Reklamcılık, “Halkla İlişkiler ve Reklamcılık” ve “Reklamcılık ve Halkla İlişkiler” bölümlerinin mevcut adlarıyla korunup 0414’de kalması ya da disiplinlerarası niteliği nedeniyle 0410 ya da 0419’a alınması önerilmektedir.
ISCED-F 2013 uyarınca halkla ilişkiler ve reklamcılık alanları 0414 altında toplanmaktadır; ancak rehberde bu iki alanın birlikte verilemeyeceğine ilişkin bir ibare yoktur. Yine ISCED-F 2013 rehberinde birbiriyle yakınsayan başka alanların hem birlikte hem de ayrı ayrı verildiği örnekler mevcuttur (Örn: 0412 altında “Bankacılık ve Finans”, “Bankacılık, Finans ve Sigortacılık”, “Sigortacılık” programlarının birlikte bulunması).

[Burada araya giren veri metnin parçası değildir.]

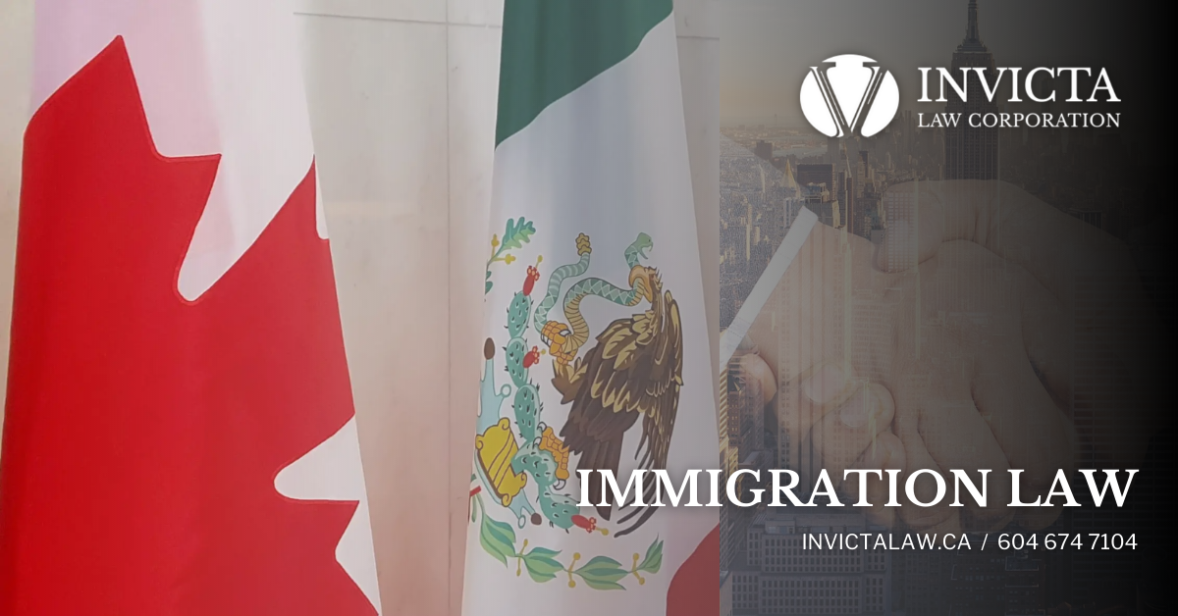 Temporary Entry to Canada from US and Mexico Easier Under CUSMA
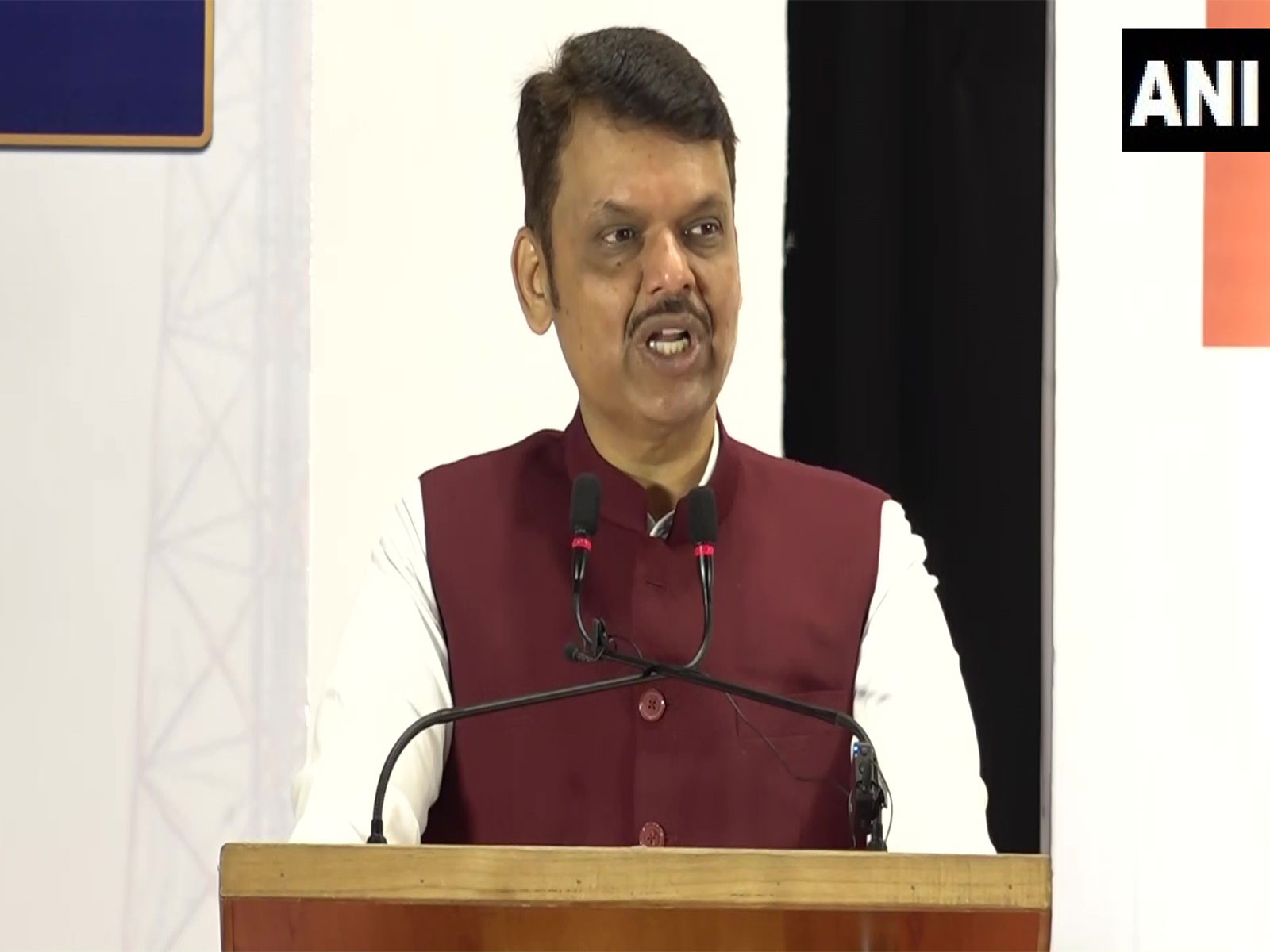 Maharashtra CM Devendra Fadnavis (Photo/ANI)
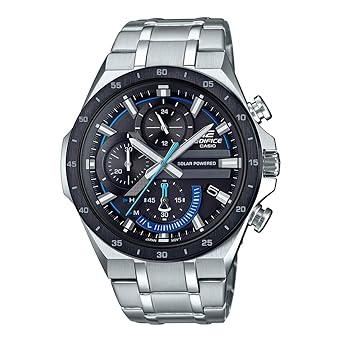 Analog Black Dial Men's Watch-EQS-920DB-1BVUDF (EX488)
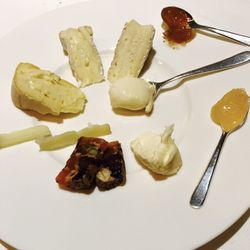 Les Quatre Saisons - Cheese from 5 course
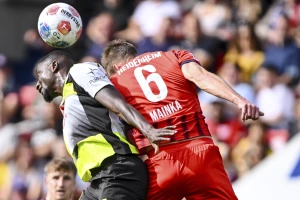 Dortmund sve bolji, briljantan preokret Frajburga protiv "švaba", Lajpcig slavio bez Srba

Öte yandan, 03 Kod’lu Sosyal Bilimler, Gazetecilik ve Enformasyon Geniş Alan altında “İletişim”e ayrıntılı alan olarak yer verilmesi halinde, tüm bu başlıklar ayrıntılı alan programları olarak yer alabilir. “Halkla İlişkiler” ve “Reklamcılık” programları, bütünleşik bakış açısını benimseyen bölümler için bir arada kalmalıdır. Bu, her iki disiplinin temellerine hâkim olan mezunlar yetiştirmeyi hedefleyen bir yaklaşımdır. Bu ve buna benzer başlıklardaki bölümlerin reklamcılık altında toplanması, kapsama dâhil edilmek istenen ‘halkla ilişkiler’ disiplinini dışarıda bırakmaktadır. Ayrıca, günümüzde mesleki anlamda her iki alanın birbirinin tamamlayıcısı niteliğinde olduğu Amerika ve Avrupa ülkelerinde yaygın olarak benimsenmiştir. Her iki alanın çalışanlarının birbirlerinin dilinden anlayarak karşılıklı işbirliği içinde çalışmaları sektörün gerektirdiği becerilerdendir. Öğrencilerin, halkla ilişkiler ve reklamcılık alanlarının asgaride temellerine eş derecede hâkim olması gerekir; bu alanların alt kırılımlarına (metin yazarlığı, etkinlik yönetimi, kurumsal iletişim, siyasal iletişim vb.) ilgi duyan öğrenciler ise seçmeli derslerle uzmanlaşma yoğunluklarını kendileri belirleyebilir. Eğitim alanındaki ve sektördeki yeni eğilimler göz önünde bulundurulduğunda, sadece halkla ilişkiler ya da reklamcılık alanına ilişkin dar uzmanlaşmalar uygun değildir.
Halkla İlişkiler Halkla İlişkiler bölümü tek başına 4 yıllık bir eğitim dolduramaz; içerisinde reklamcılık ile ilgili derslerin de olması gerekir. Bu program sınıflaması 1960’larda yapılan bir sınıflamadır. Günümüzde Reklamcılıkla birlikte olması daha uygundur.
Görüldüğü üzere iletişim fakülteleri bölüm ve programları hakkında YÖK’teki komisyon tarafından belirlenen ölçütler ile İletişim Fakülteleri Dekanlarından görüş gönderenlerin ve de İLDEK Konseyinin görüşleri birbirinden farklılıklar göstermektedir. En büyük tepki, önceden İletişim Fakülteleri bünyesinde yer alan bölüm ve programların yeni planlamada diğer alanlara kaydırılmış olmasıdır. Bu durum İLDEK Konseyi tarafından uygun görülmemiş ve yukarıda belirtilen hususlar, İLDEK Konseyi görüşü olarak YÖK’e iletilmiştir.
YÖK, daha geniş tabanlı bir komisyon kurmaları ve farklı İletişim fakülte elemanlarını çağırarak bu problemlere nihai bir çözüm bulmalıdır.